Here’s the full Twitter remark that Longman says “many” people called insensitive: “USA Men’s Archery lost the gold medal to Italy, but that’s ok, we are Americans… When’s da gun shooting competition?” Did anyone—other than professional axe-grinder Jeré Longman—really deem that tweet insensitive? But in addition to being sexy and virginal, perhaps we have to add patriotism to the list of Lolo Jones’s crimes.
It would have been nice if Jones could have grabbed some measure of redemption by winning at the Olympics, but, alas, she came in fourth. She gave an interview the morning after the race during which she teared up when asked about the irrational criticism of her. But fourth-place finish aside, Jones remains one of the best athletes in the world. Her tormenters are the real losers.
Open-mindedness for Thee . . .
Actress Kathleen Turner is bringing her new play to D.C., Red Hot Patriot: The Kick-Ass Wit of Molly Ivins. Turner happens to be well-cast for the role (though the fact that the former star of Body Heat is now a doppelgänger for the late liberal Texas columnist might be something to be alarmed about).
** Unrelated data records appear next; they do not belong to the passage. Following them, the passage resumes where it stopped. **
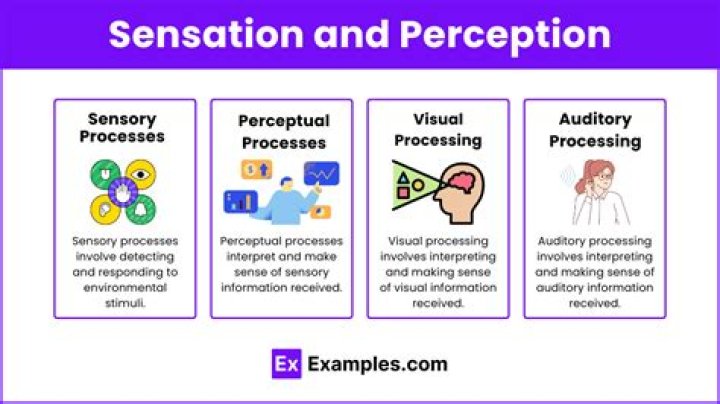 Sensory perception - How To Discuss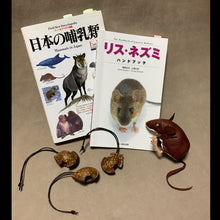 Load image into Gallery viewer, アカネズミとオニグルミのストラップ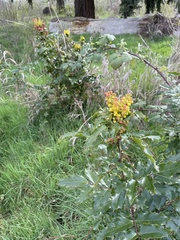 Berberis aquifolium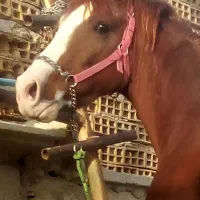 خالص ایرانی کورسی زیبایی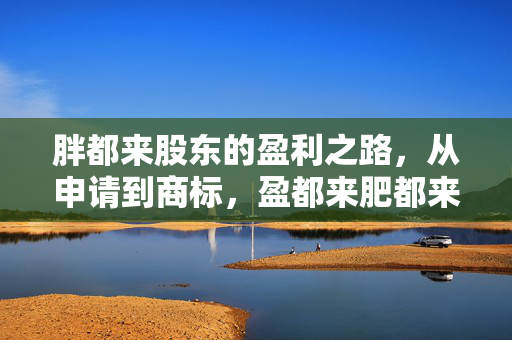 胖都来股东的盈利之路，从申请到商标，盈都来肥都来的成功故事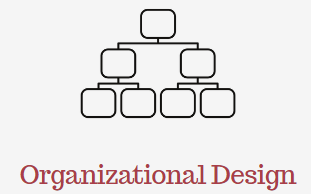 Organizational Design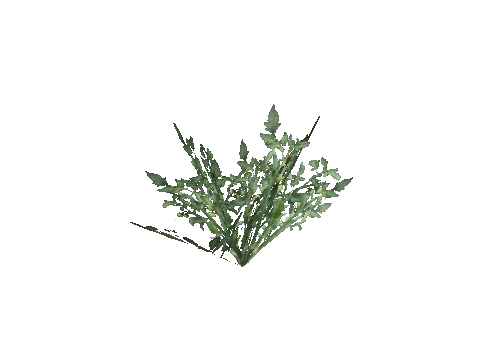 prop_veg_crop_04_leaf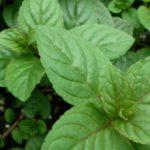 กลีบดอกมิ้นต์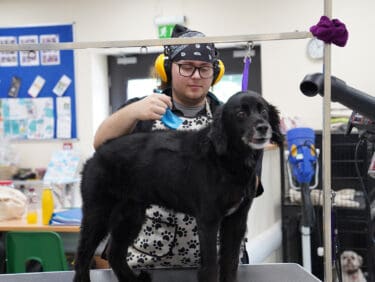 Male student of dog grooming with dog at Capel Manor College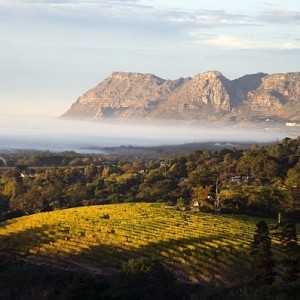 2- Vignobles Afrique du Sud – © 2013 South African Tourism (1)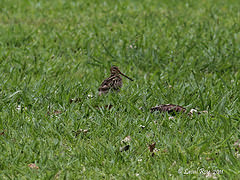 Gallinago hardwickii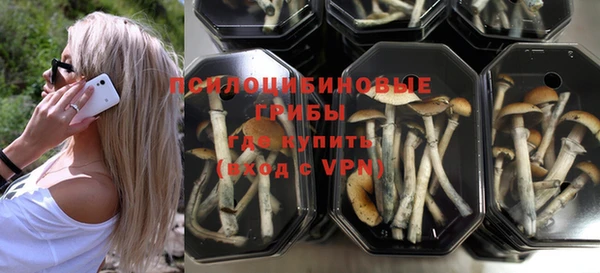 винт Балахна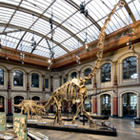 Sauriersaal © Museum für Naturkunde Sauriersaal © Museum für Naturkunde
In any event, Turner is hoping that a play about Molly Ivins, a polarizing figure in real life, will prove to be a source of partisan détente. “One of these challenges may be getting a wide enough breadth of -people to come, you know, because people are so closed-minded now, that if they think it doesn’t represent their point of view, they’re not interested,” Turner told the Washington Examiner. “I’m afraid it will be like—if you’re a Republican, don’t go to the show—it’s a real shame both artistically and as a reflection of our nation’s mentality.”
This is a rather bizarre observation for Turner to make: Shortly after decrying close-minded partisanship, she explains that she went out of her way to avoid meeting George W. Bush when he was president.
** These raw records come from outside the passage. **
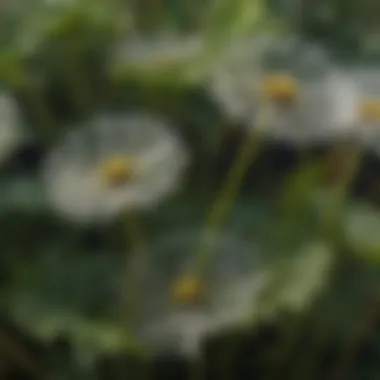 A close-up of dandelion leaves showcasing their jagged edges and growth pattern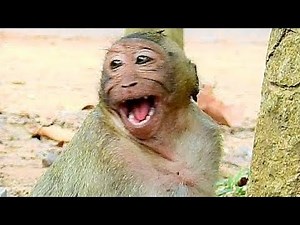 Unlucky, Sweet Pea Was Beaten Hardly By Popeye and Dolly.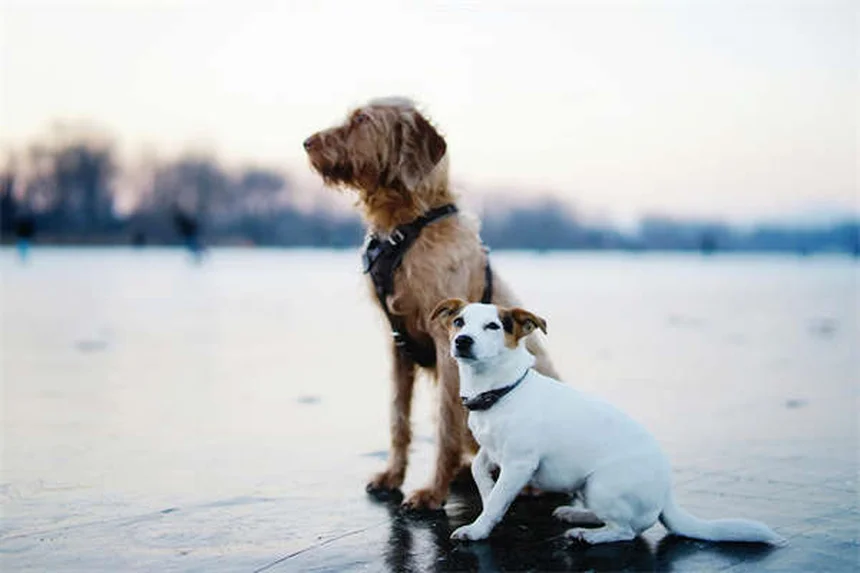 Dog Acupuncture Benefits: 5 Surprising Ways It Helps Your Pup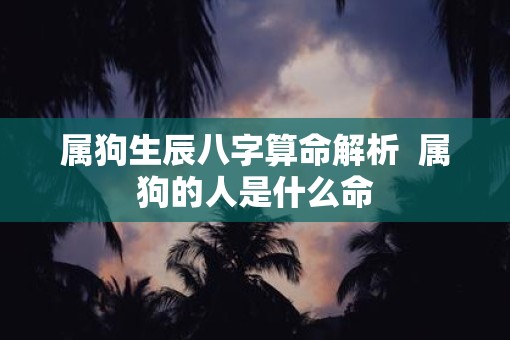 属狗生辰八字算命解析  属狗的人是什么命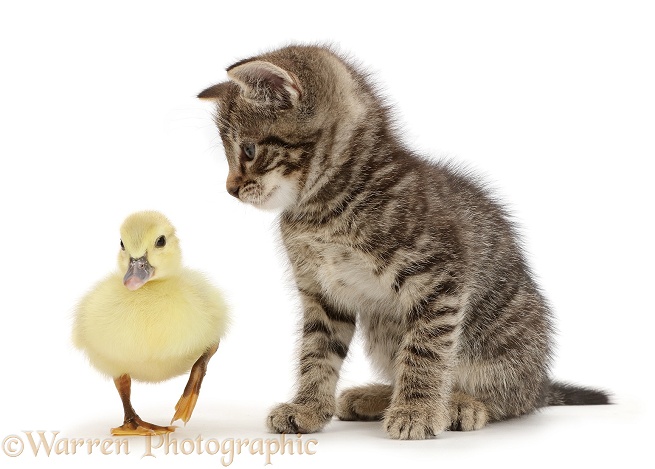 Tabby kitten looking at yellow duckling, white background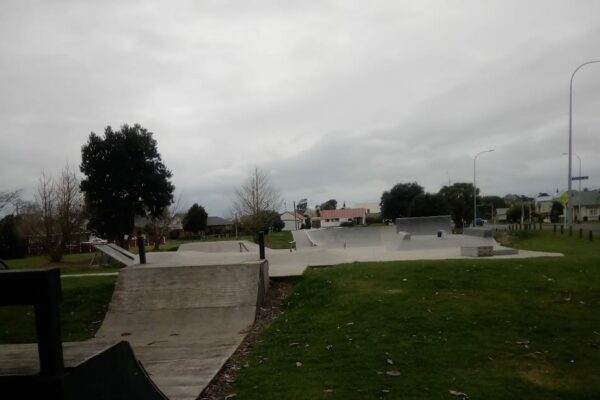 massey_park_skatepark_skate_finder_nz_0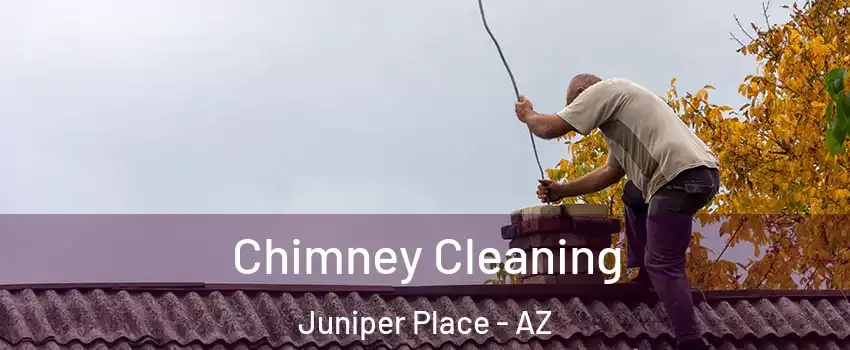Chimney Cleaning Juniper Place - AZ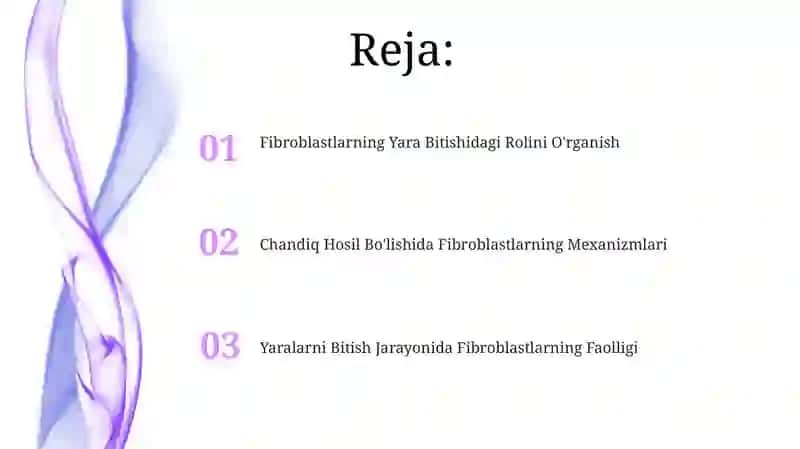 Fibroblastlarning jarohatning bitishi va chandiq hosil boʻlishidagi roli 2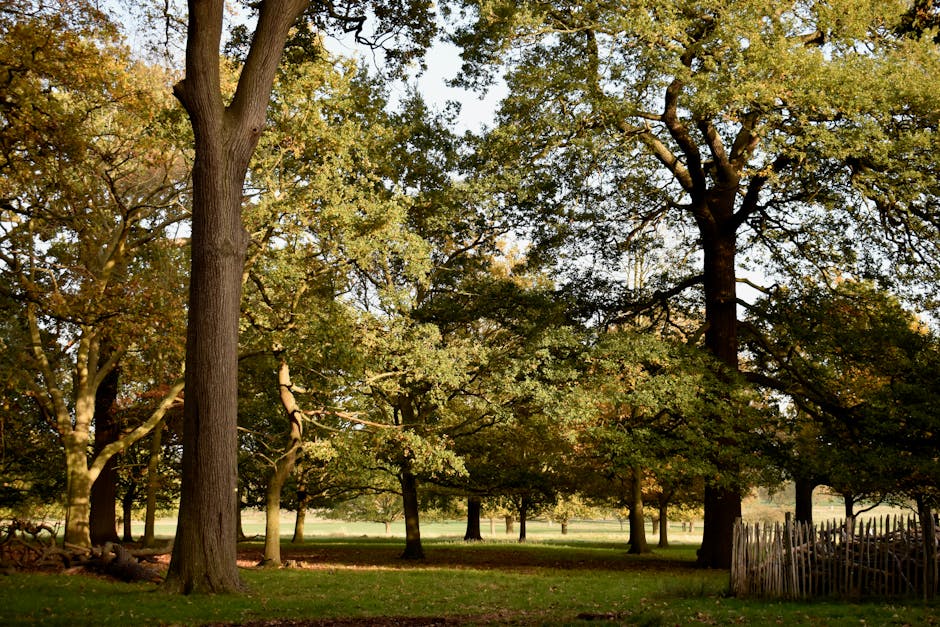 A peaceful park scene featuring several large deciduous trees with thick trunks and sprawling branches covered in green and yellow leaves, indicating early autumn. The ground is a combination of lush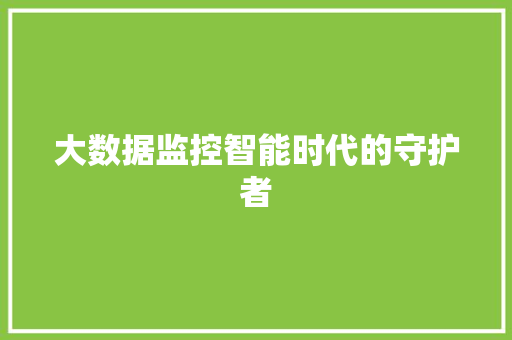 大数据监控智能时代的守护者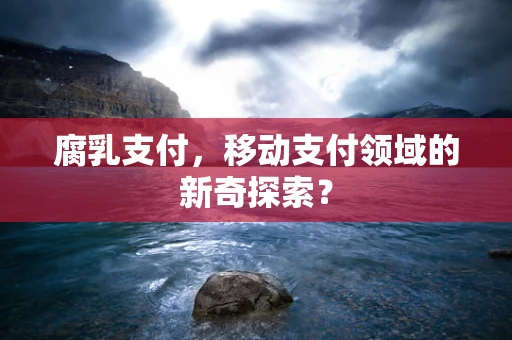 腐乳支付，移动支付领域的新奇探索？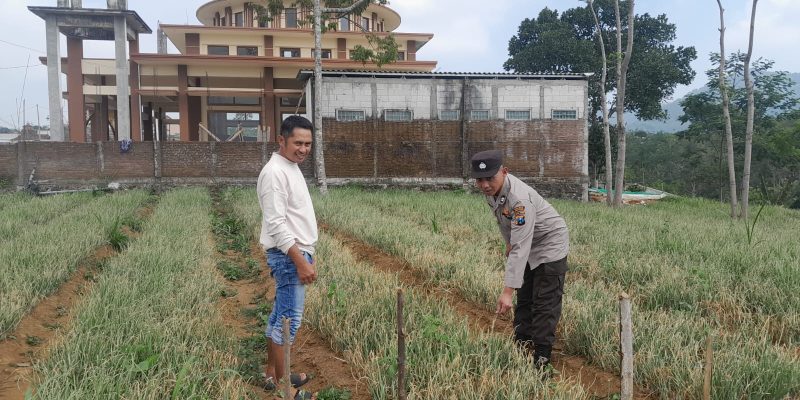 Bhabinkamtibmas Polsek Nongkojajar Pantau Tanaman Bawang Merah, Dukung Program Ketahanan Pangan
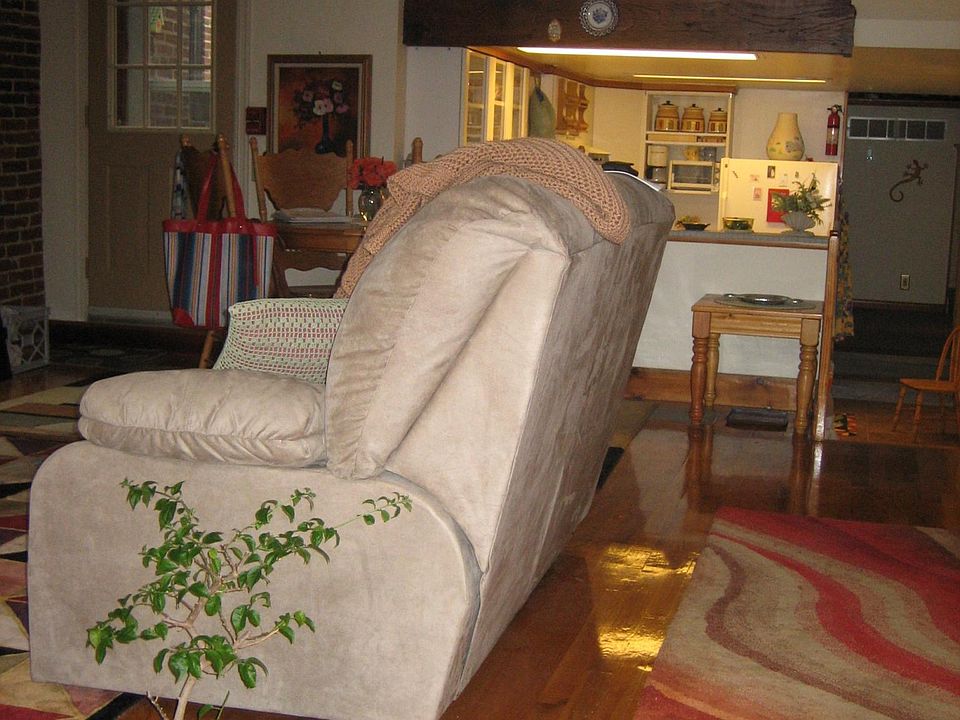 Living room with door to side yard & Kitchen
“I had to do some real dodging there once in a while, but I pretty much managed it,” she told the -Examiner, explaining how she evaded the former president. “I used to be on the Kennedy Center artistic, you know, selection board and those events are always held at the White House, and so then I had to bow out for a few years, didn’t I?”
Of course, Turner tells the Examiner, she had no problem running into Molly Ivins. “She and Turner’s paths crossed several times, ranging from attending the same People for the American Way event to riding in the same elevator at a New York City apartment building.” Nothing quite like hobnobbing with liberal pundits on the Upper West Side and at political fundraisers to open your eyes to diversity of opinion.
The Right Kind of Diversity
Members of the presidentially appointed board of the Corporation for Public Broadcasting lifted not a finger when National Public Radio fired Juan Williams for having the audacity to contribute to Fox News. But CPB is still hard at work in Washington funding leftist causes. Even the Associated Press had to take notice of CPB’s latest squandering of taxpayers’ money. Reports the AP,
National Public Radio, criticized in recent years over diversity of its staff and coverage, is using a $1.5 million grant from the Corporation for Public Broadcasting to put together a six-person team to report stories on race, ethnicity and
The national radio program producer and digital news provider was accepting a two-year grant Thursday at the UNITY 2012 Convention in Las Vegas, where hundreds of minority and gay and lesbian journalists gathered for the quadrennial convention assembled by UNITY Journalists Inc.
NPR said in a news release that it is using the money to “launch a major storytelling initiative focused on the racial, ethnic, ideological and generational issues that define the increasingly diverse America.”